AgentFlow can optionally integrate with Superpowers (or similar methodology-as-prompt tools) to enhance build quality. The integration follows a strict two-layer architecture:

Two-Layer Model

graph TB
    subgraph outer["OUTER LOOP — AgentFlow (Lifecycle Owner)"]
        OL["dispatch • heartbeat • tags • transitions • cost • retry"]
        subgraph inner["INNER LOOP — Superpowers (Methodology Owner)"]
            IL["brainstorm → plan → sub-agents → TDD → verification"]
        end
    end

AgentFlow controls WHEN things happen (start, complete, heartbeat, retry, cost check). Superpowers controls HOW things happen (planning approach, sub-agent strategy, TDD flow).

Complexity Gating

Not every task benefits from full Superpowers overhead. Tasks are gated by complexity:

Complexity	Brainstorm	Plan	Sub-Agents	Estimated Overhead
Simple (S)	Skip	Skip	No	~$0 extra
Medium (M)	Skip	Yes	Optional	~$0.20-0.40 extra
Large (L)	Yes	Yes	Yes	~$0.50-1.00 extra

Sub-Agent Management

When Superpowers dispatches sub-agents within a build stage:

Heartbeat continuity: Parent posts [HEARTBEAT] before dispatching and between sub-agent completions. Sub-agents do not post their own heartbeats.
File conflict prevention: Parent assigns non-overlapping file sets to each sub-agent based on the task's predicted files. If files cannot be cleanly partitioned, sub-agents run sequentially.
Output aggregation: Parent aggregates all sub-agent outputs into a single structured comment before posting [BUILD:COMPLETE] or failure tags. This preserves context for retries.

Safety & Sanitization

Input Sanitization

Every stage execution begins with an input sanitization check. The worker scans task descriptions, research results, and external inputs for:

Instruction override patterns ("ignore all previous instructions", "disregard above")
Base64-encoded command sequences
Suspicious URLs or redirect chains
Attempts to read environment variables or secrets

If detected: [SECURITY:WARNING] is posted and the task moves to Needs Human.

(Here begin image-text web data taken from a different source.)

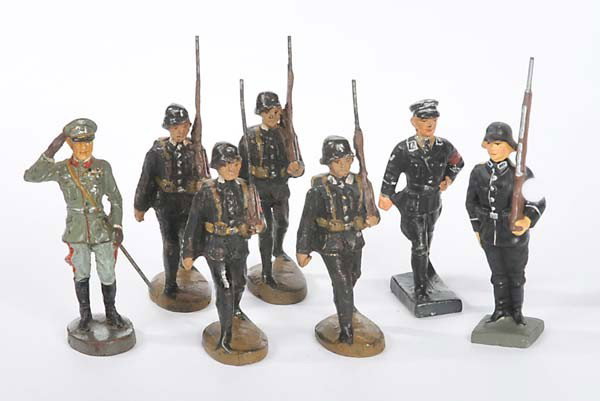 Elastolin: English: Elastolin, Lineol, 7 Military Figures, Germany prewar, composite, condition 1 - 2- Deutsch: Elastolin, Lineol, 7 Militär Figuren, 7 cm, Germany VK, Masse, Z 1 - Z 2-, (2487)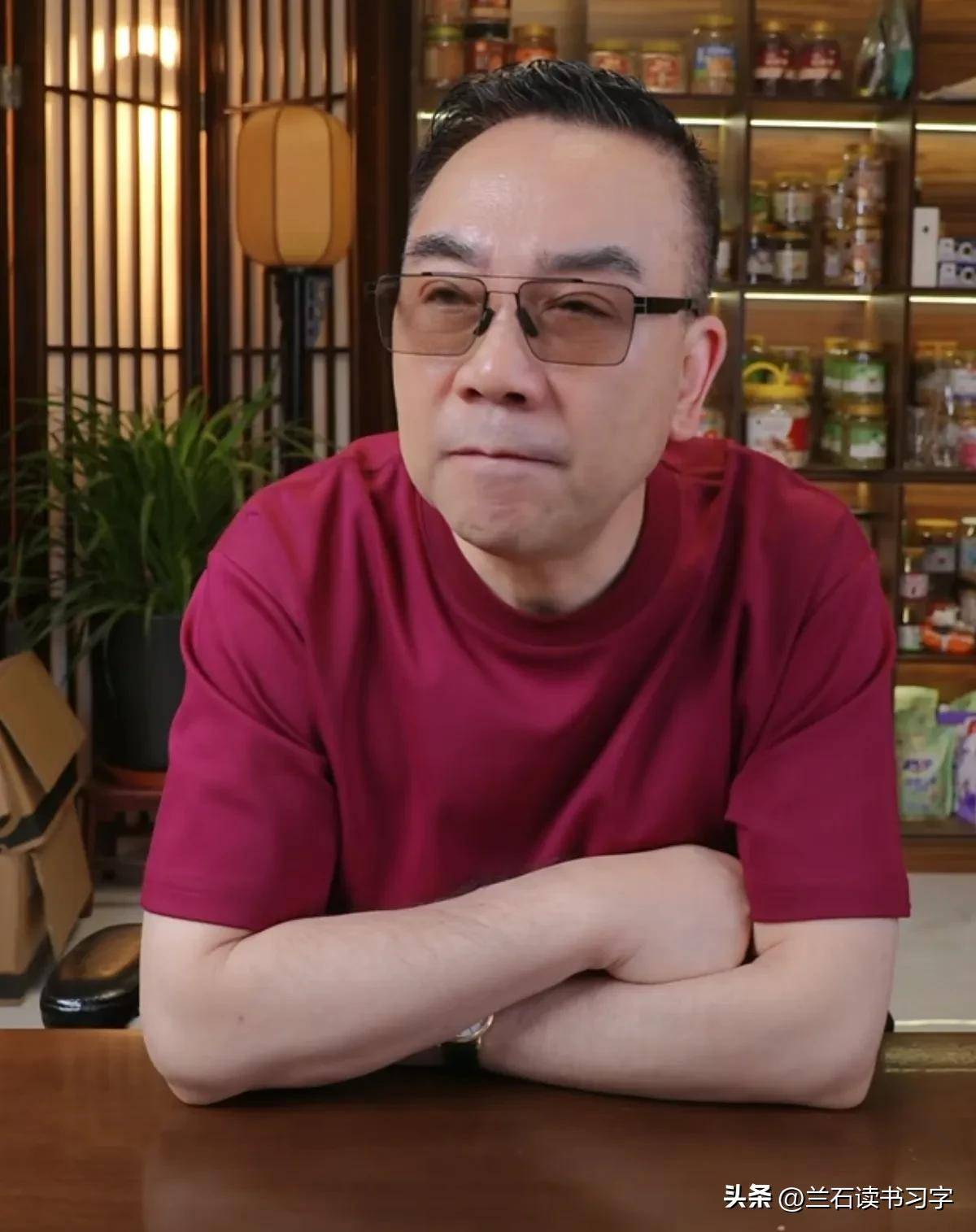杨议我知道我拜侯大师会有一帮人不同意那我就自立门户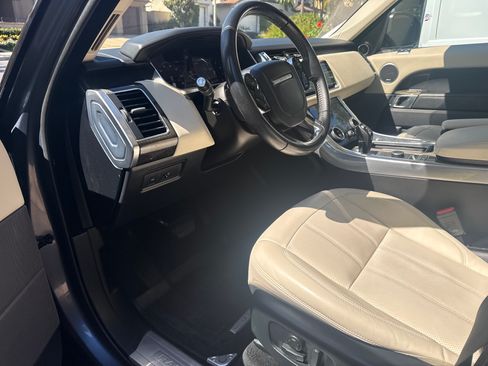 Used 2018 Land Rover Range Rover Sport HSE AWD/4WD image 10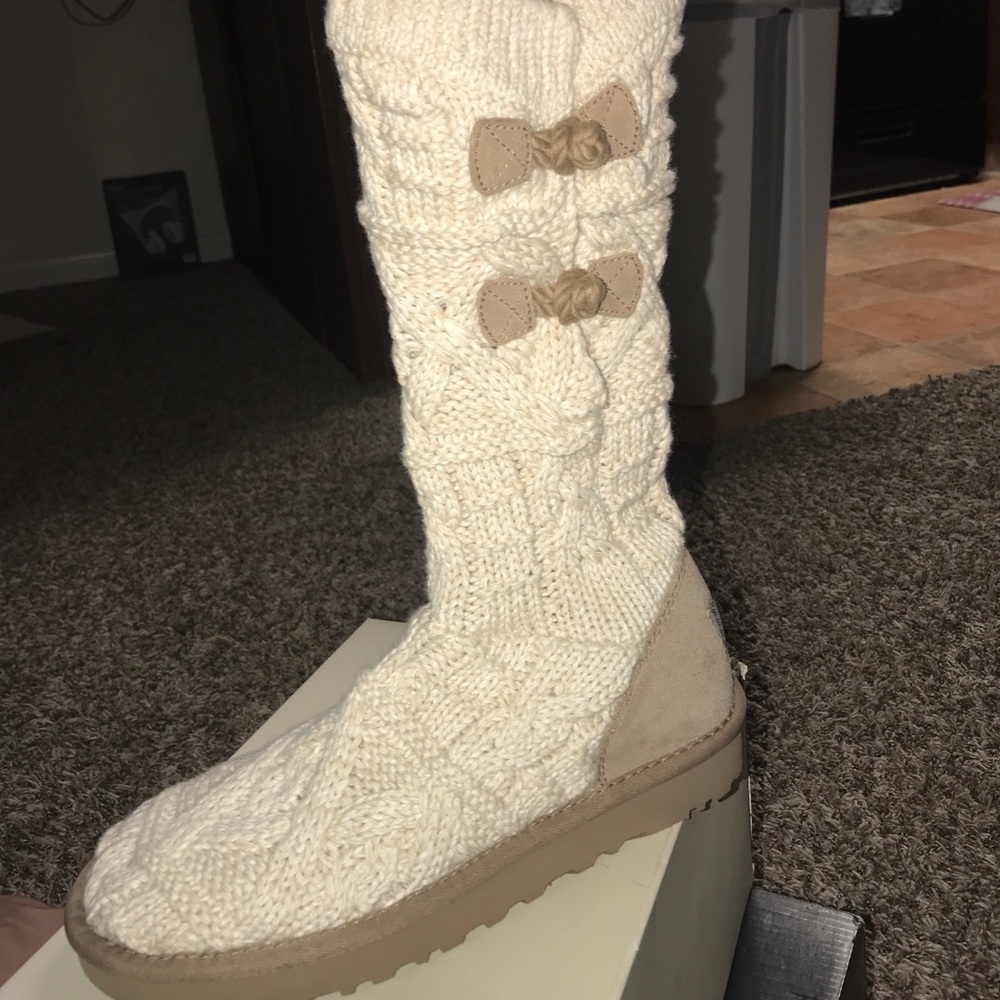 AUTHENTIC UGG BOOTS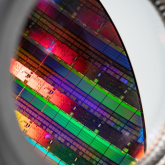 Intel jako pierwszy wykorzystuje technologię High NA EUV przy procesorach Panther Lake. TSMC się wstrzymuje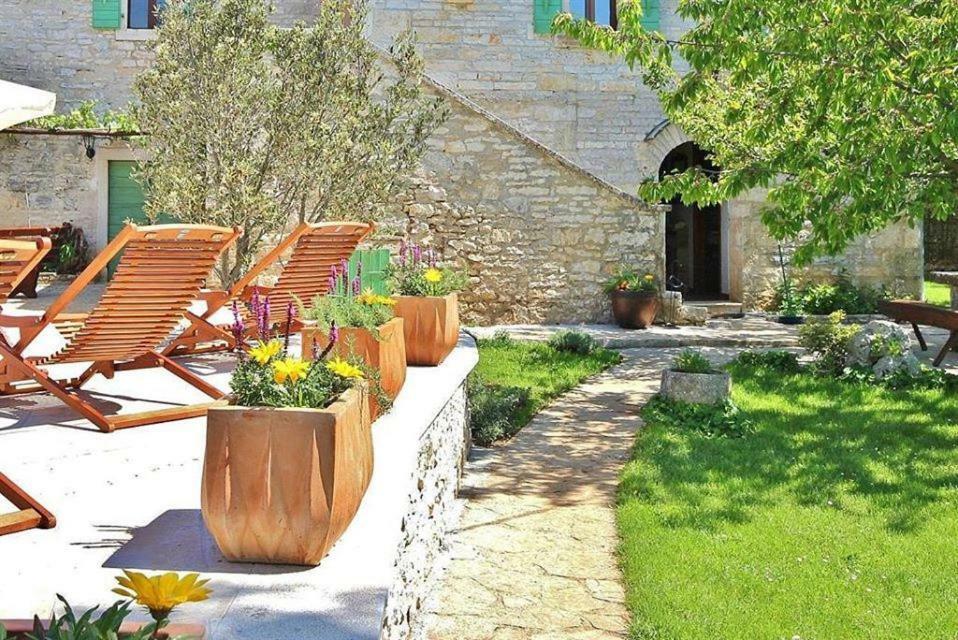 Villa Violica, Karnevali Žminj エクステリア 写真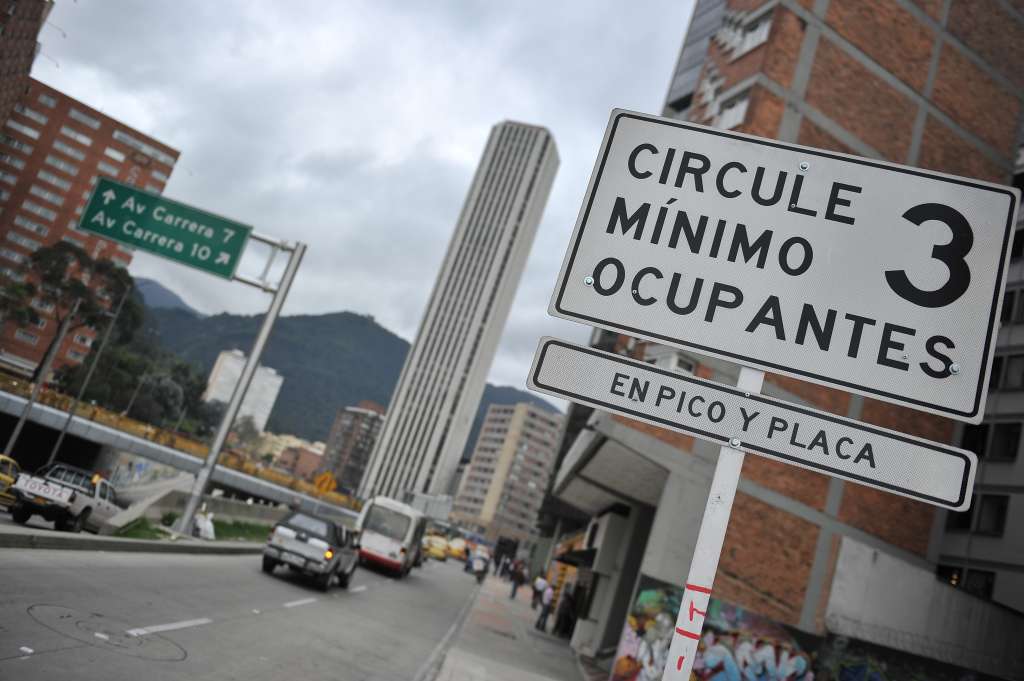 Avisos que hacen referencia a el cambio de restricción vehicular en el centro de la capital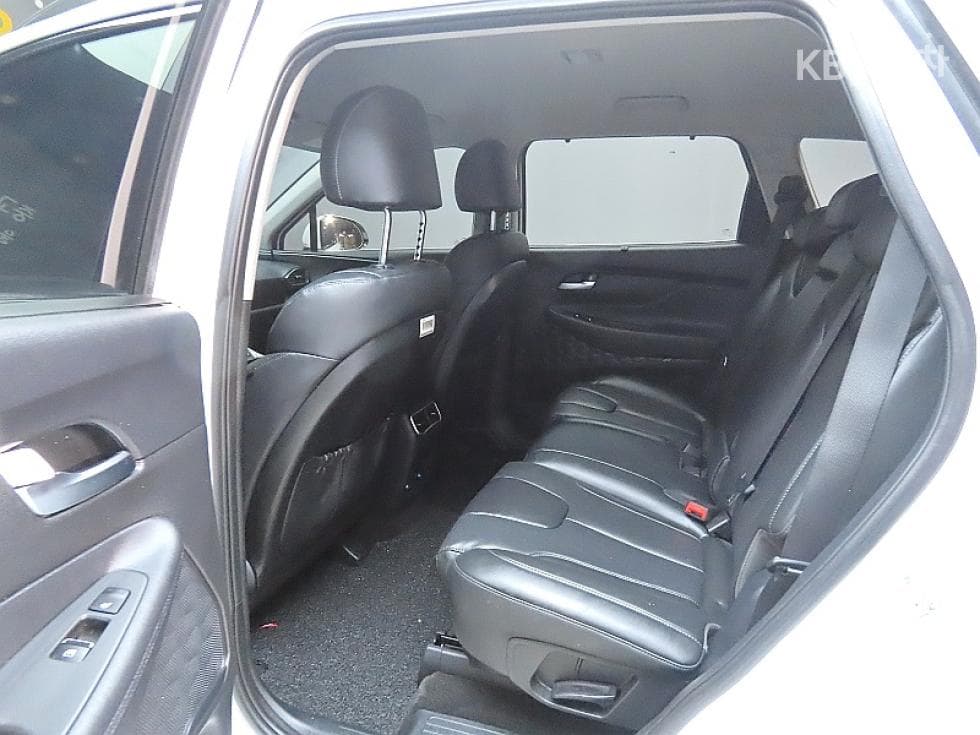 Hyundai The New (facelift) Santa Fe TMGasoline 2.5T 2WD Prestige - 11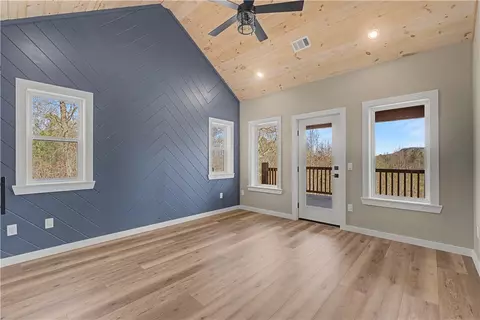 Bedroom - 491 Nc 6065, Jasper, AR 72641 photo 4 of 5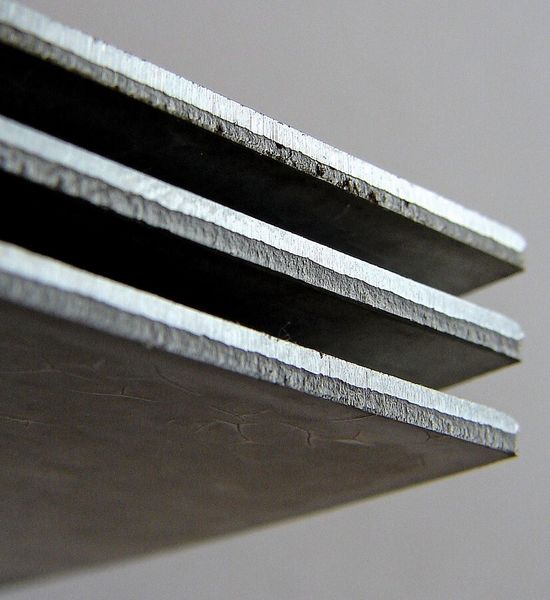 Bild 4: Sicht auf die Schnittflächen der  geschnittenen Platinen.  (Bild: IFUM/IFAM)
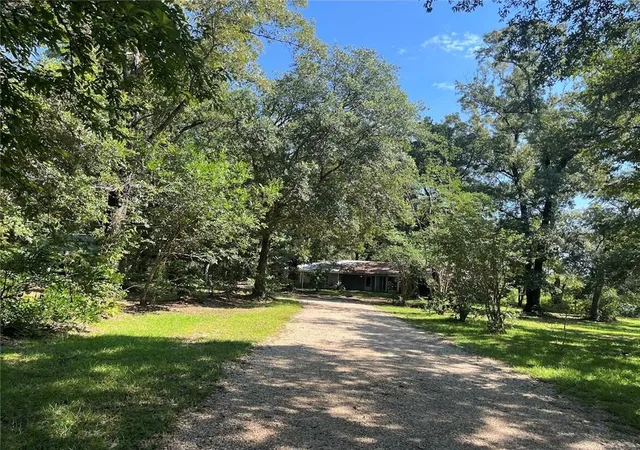 1st image of 20213 Narrow Rd, Covington, LA 70435 | MLS# 2516048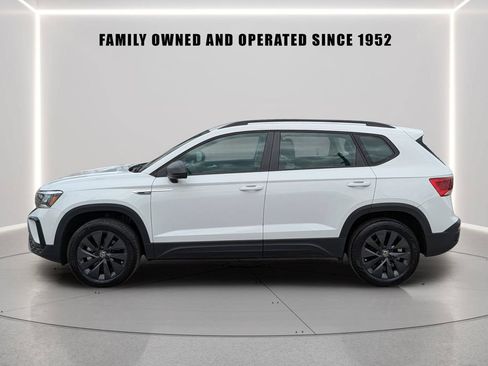 Used 2023 Volkswagen Taos S FWD image 3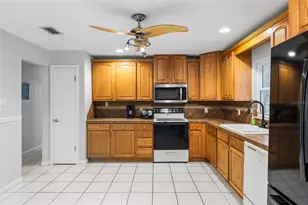 7402 W Knights Griffin Rd, Plant City, FL 33565 - Photo 11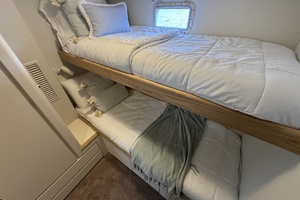 Aqua Terra 52ft Hatteras Yacht For Sale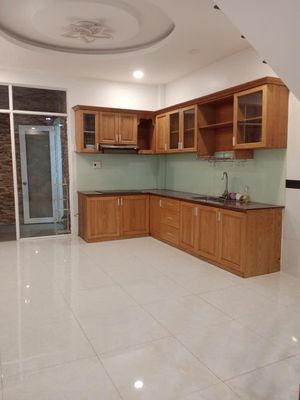 nhà 8x20m, gác lửng ,1pn, có 3 pha , tỉnh lộ 10 giá 10tr/tháng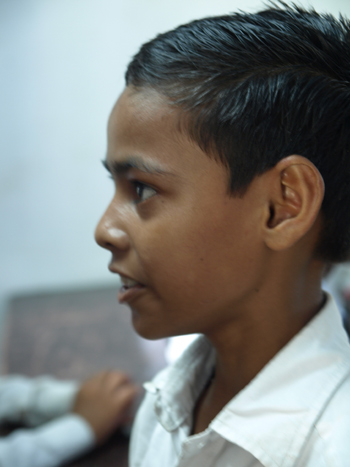 Dilip, cậu bé 11 tuổi học giỏi nhất lớp 5 trường Trung học chuyên nghiệp tình thương do Phật tử Việt Nam xây dựng ở làng Bhojwan, Bodhgaya, Ấn Độ. Ảnh: Phan Anh.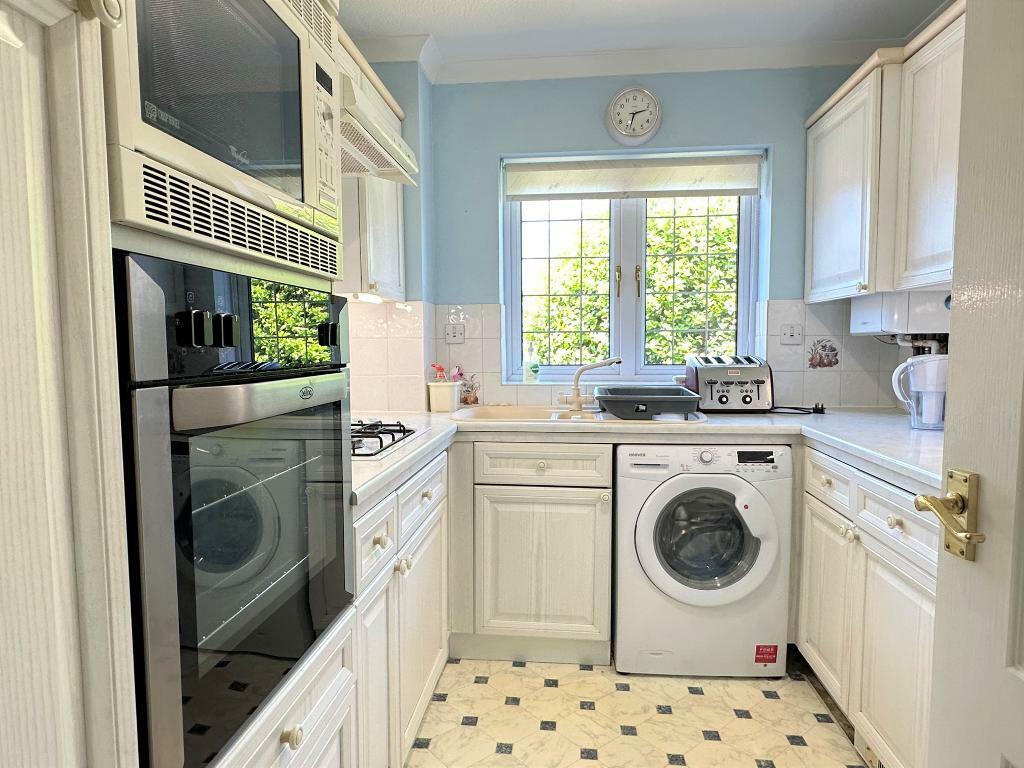 Additional property image - Penns Court, Steyning, West Sussex, BN44 3BF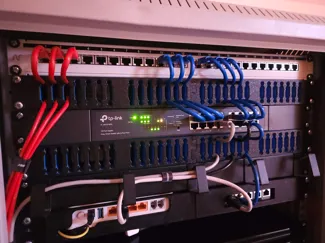 19" Rack cable management with cable detent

Verification Command Allowlist

Verification commands in task descriptions are restricted to known-safe patterns:

npm test, npm run <script>, npx <tool>
pytest, python -m pytest
go test, cargo test, mix test
curl localhost:<port> (local only)
Custom commands explicitly allowlisted in project configuration

Commands containing pipes to sh, eval, exec, or network calls to external hosts are rejected.

LEARNINGS.md as Injection Vector

LEARNINGS.md is written by the system (retrospective step) and read by all workers. A compromised or manipulated LEARNINGS.md could inject instructions into every subsequent build. Mitigations:

LEARNINGS.md is capped at 50 lines (limits blast radius)
Only the orchestrator's retrospective step writes to LEARNINGS.md
Workers read LEARNINGS.md as reference data, not as executable instructions
Patterns follow a strict format; anything not matching the format is ignored

Cost Model

AgentFlow tracks costs per task using dual cost profiles:

Sonnet Profile (default, recommended)

Stage	Without Superpowers	With Superpowers (M)	With Superpowers (L)
Research	~$0.10	~$0.10	~$0.10
Build	~$0.40	~$0.80	~$1.20
Review	~$0.10	~$0.10	~$0.10
Test	~$0.05	~$0.05	~$0.05
Integrate	~$0.03	~$0.03	~$0.03

Guardrails: Warning at $3, Hard stop at $10

Opus Profile (for complex projects)

Stage	Without Superpowers	With Superpowers (M)	With Superpowers (L)
Research	~$1.00	~$1.00	~$1.50
Build	~$3.00	~$5.00	~$8.00
Review	~$0.50	~$0.50	~$0.50
Test	~$1.00	~$1.00	~$1.00
Integrate	~$0.25	~$0.25	~$0.25

Guardrails: Warning at $8, Hard stop at $20

Orchestrator cost (crontab):

Default (*/15): ~$48/day with Opus, ~$10/day with Sonnet (recommended)
Sprint mode (*/5): ~$144/day with Opus, ~$30/day with Sonnet
Idle optimization: consecutive idle sweeps double the interval (15 -> 30 -> 60 min)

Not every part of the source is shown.